Excluding pictures, what does the listing below contain from the line with "Used Chery Tiggo" up to and including the line with "2018 Subaru BRZ 1st Gen - Image 4 of 19", word for word?

** Data to use **
* * *

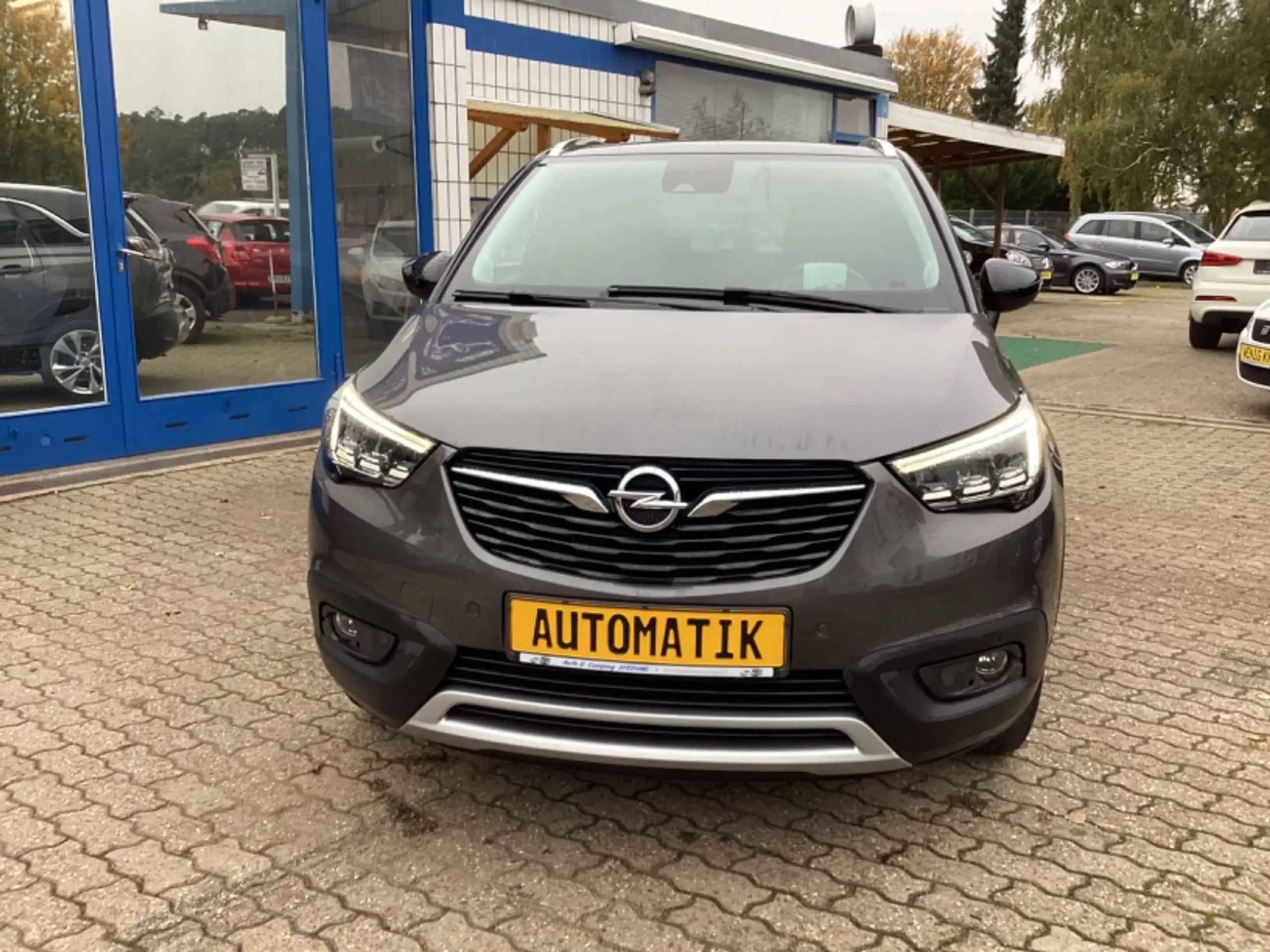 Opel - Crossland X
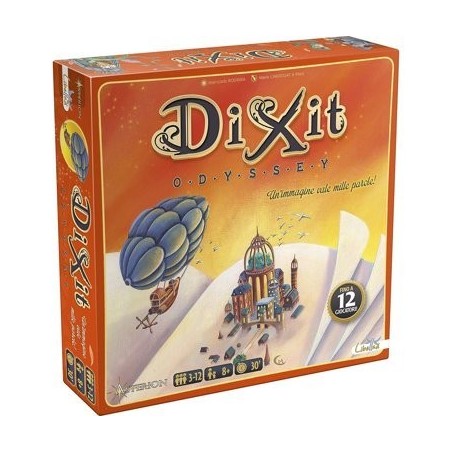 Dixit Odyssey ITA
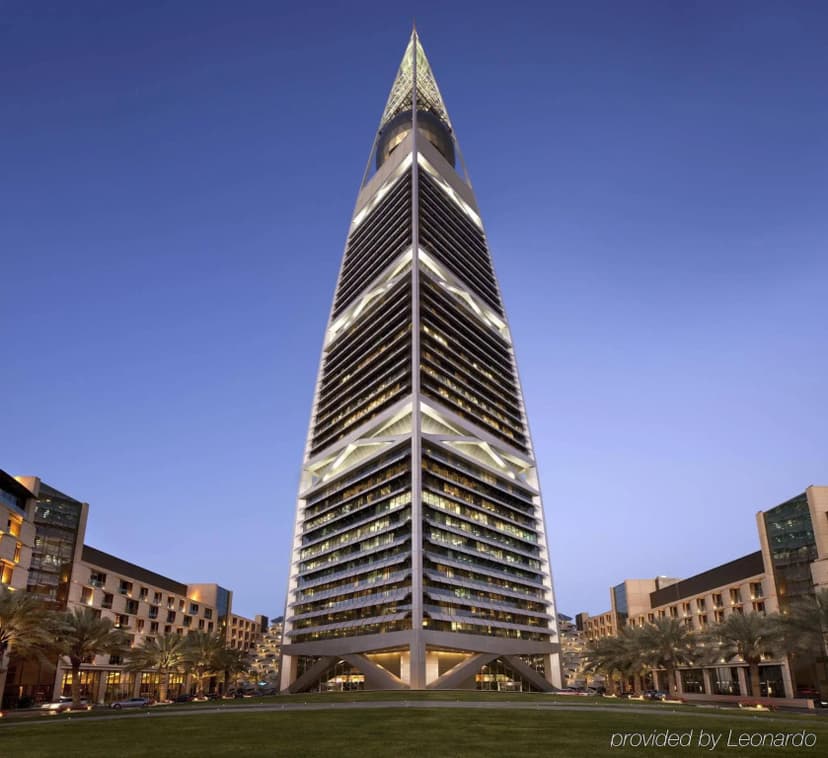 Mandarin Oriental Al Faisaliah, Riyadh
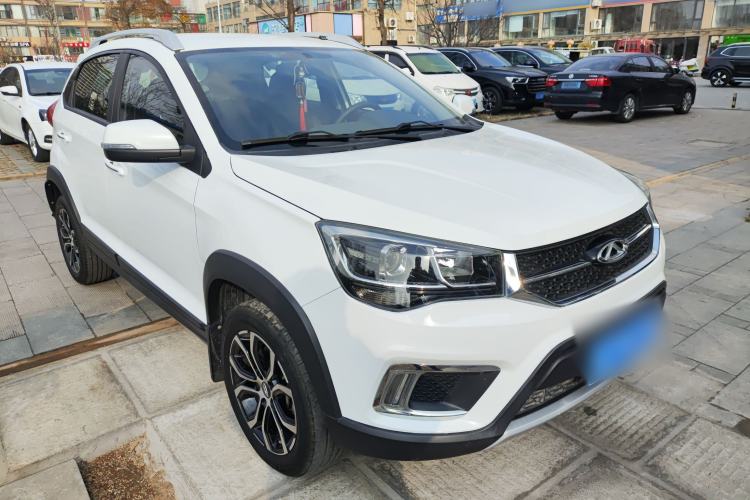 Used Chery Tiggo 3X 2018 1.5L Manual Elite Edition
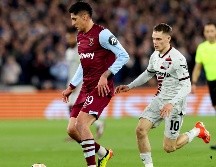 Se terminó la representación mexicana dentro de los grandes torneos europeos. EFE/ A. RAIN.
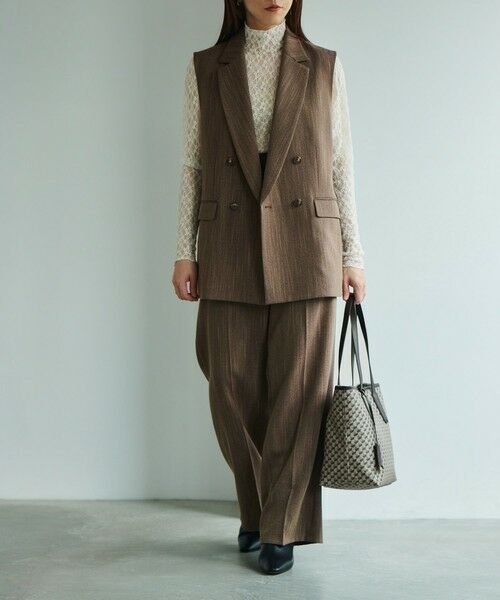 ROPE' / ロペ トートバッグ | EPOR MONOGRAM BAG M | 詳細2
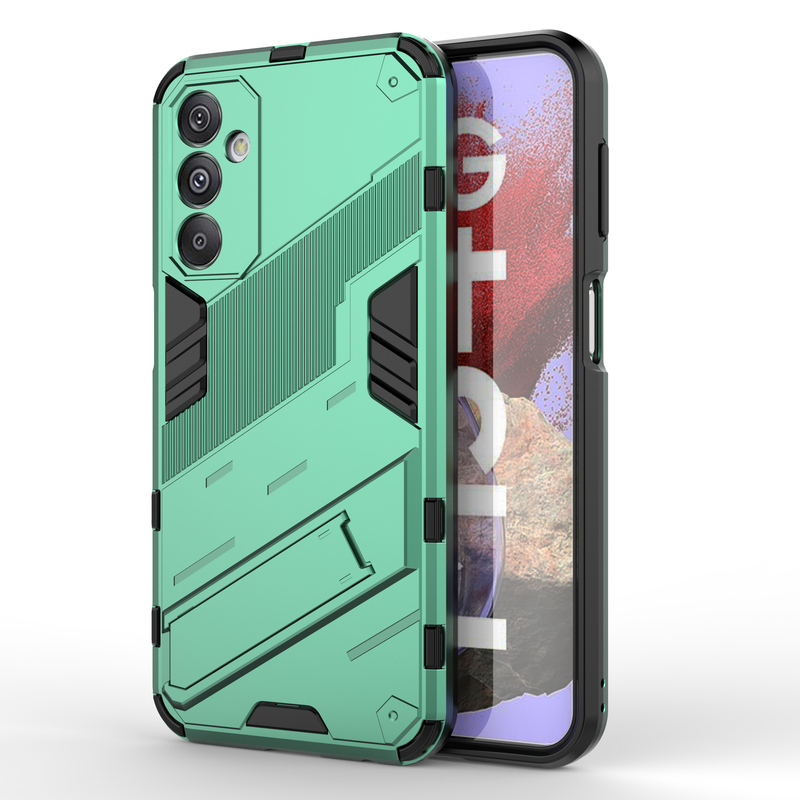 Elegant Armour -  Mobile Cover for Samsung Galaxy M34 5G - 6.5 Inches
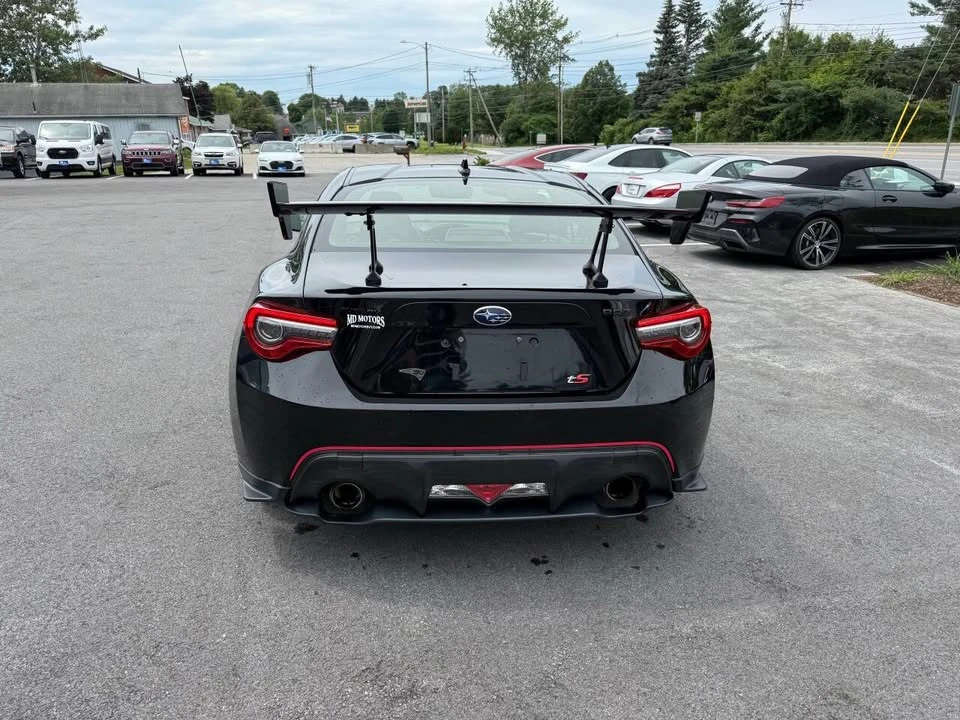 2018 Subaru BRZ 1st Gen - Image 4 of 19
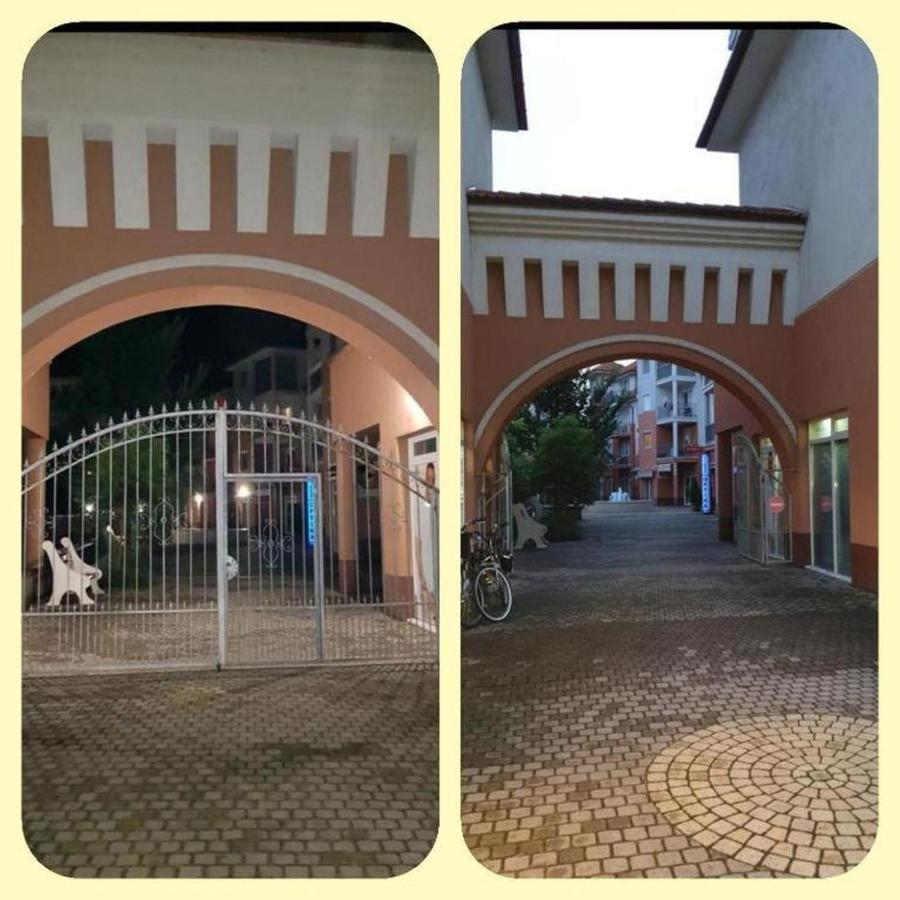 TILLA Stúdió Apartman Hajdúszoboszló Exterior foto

* * *

** Solution to this exercise **
 Used Chery Tiggo 3X 2018 1.5L Manual Elite Edition
 Se terminó la representación mexicana dentro de los grandes torneos europeos. EFE/ A. RAIN.
 ROPE' / ロペ トートバッグ | EPOR MONOGRAM BAG M | 詳細2
 Elegant Armour -  Mobile Cover for Samsung Galaxy M34 5G - 6.5 Inches
 2018 Subaru BRZ 1st Gen - Image 4 of 19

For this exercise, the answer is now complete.